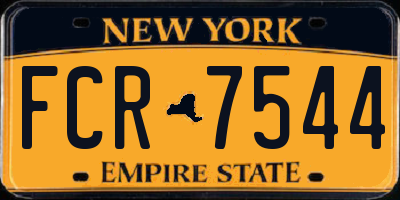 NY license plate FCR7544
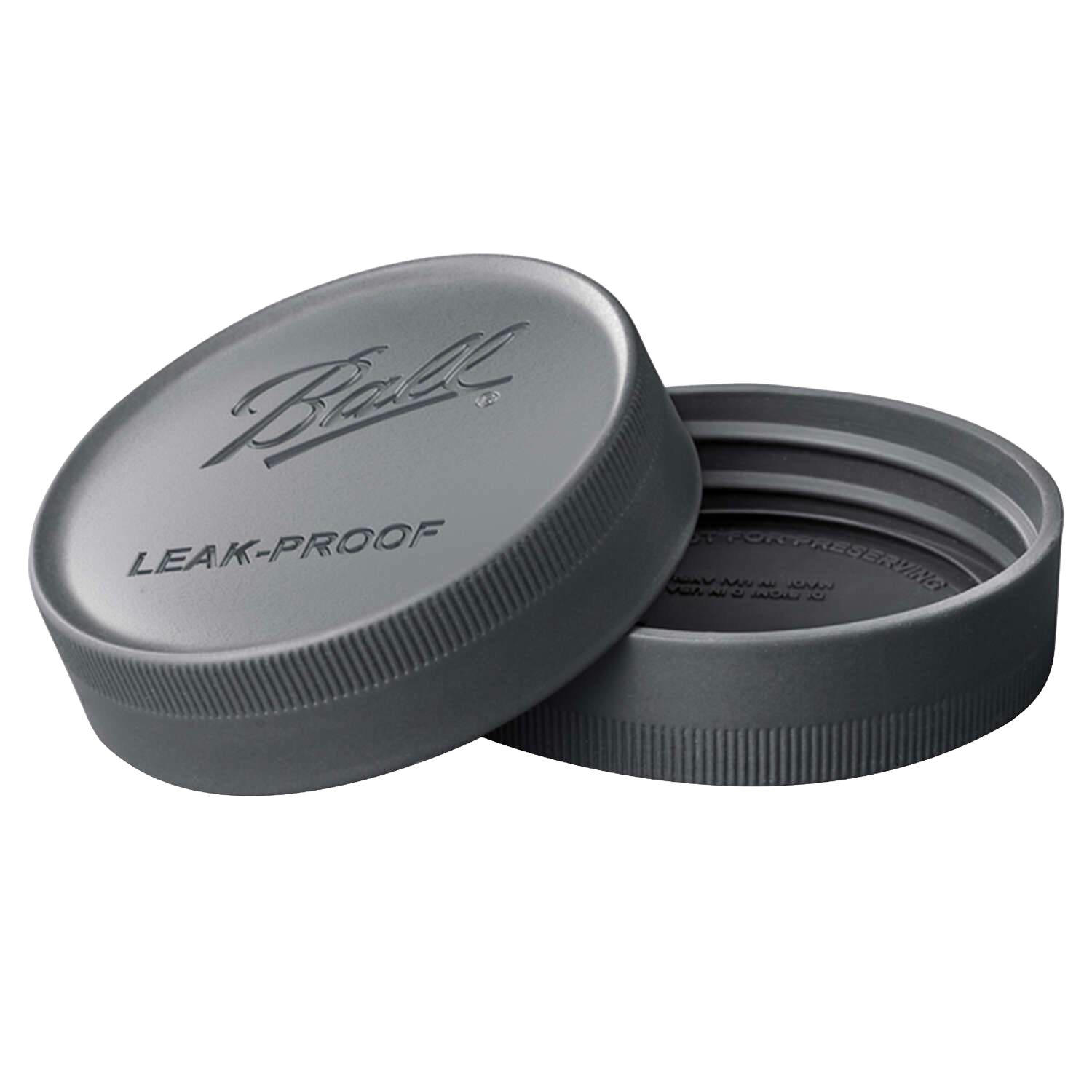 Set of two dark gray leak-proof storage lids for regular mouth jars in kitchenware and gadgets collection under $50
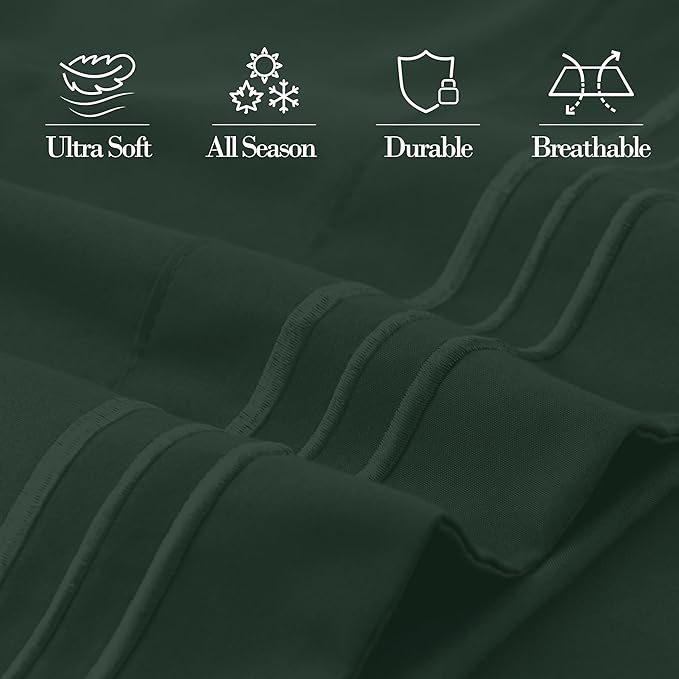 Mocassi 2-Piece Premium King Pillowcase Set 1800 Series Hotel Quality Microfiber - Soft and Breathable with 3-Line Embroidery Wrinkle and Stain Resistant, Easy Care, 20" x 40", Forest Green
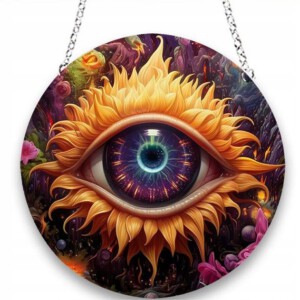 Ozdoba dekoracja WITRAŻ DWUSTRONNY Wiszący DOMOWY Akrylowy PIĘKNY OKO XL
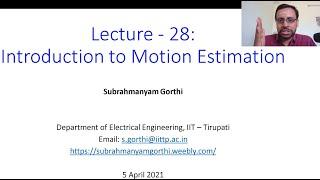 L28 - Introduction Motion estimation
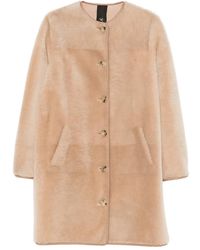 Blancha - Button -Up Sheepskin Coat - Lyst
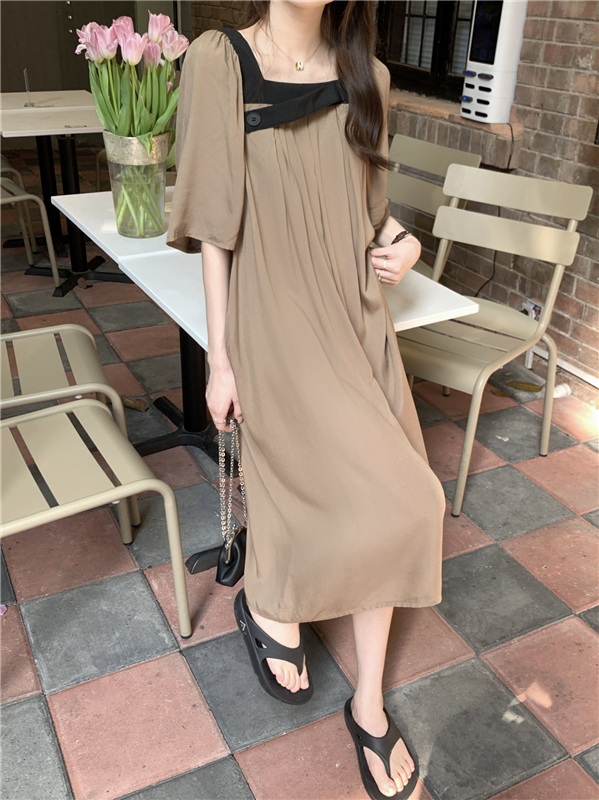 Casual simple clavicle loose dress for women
------------
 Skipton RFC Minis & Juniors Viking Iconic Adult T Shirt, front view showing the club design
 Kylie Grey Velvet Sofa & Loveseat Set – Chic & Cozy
------------
Repeat only the stretch of data above that runs from the line with "NY license plate FCR7544" to the line with "Casual simple clavicle loose dress for women". Keep both end lines; exclude pictures.

**EXERCISE ANSWER:**
 NY license plate FCR7544
 Set of two dark gray leak-proof storage lids for regular mouth jars in kitchenware and gadgets collection under $50
 Mocassi 2-Piece Premium King Pillowcase Set 1800 Series Hotel Quality Microfiber - Soft and Breathable with 3-Line Embroidery Wrinkle and Stain Resistant, Easy Care, 20" x 40", Forest Green
 Ozdoba dekoracja WITRAŻ DWUSTRONNY Wiszący DOMOWY Akrylowy PIĘKNY OKO XL
 L28 - Introduction Motion estimation
 Blancha - Button -Up Sheepskin Coat - Lyst
 Casual simple clavicle loose dress for women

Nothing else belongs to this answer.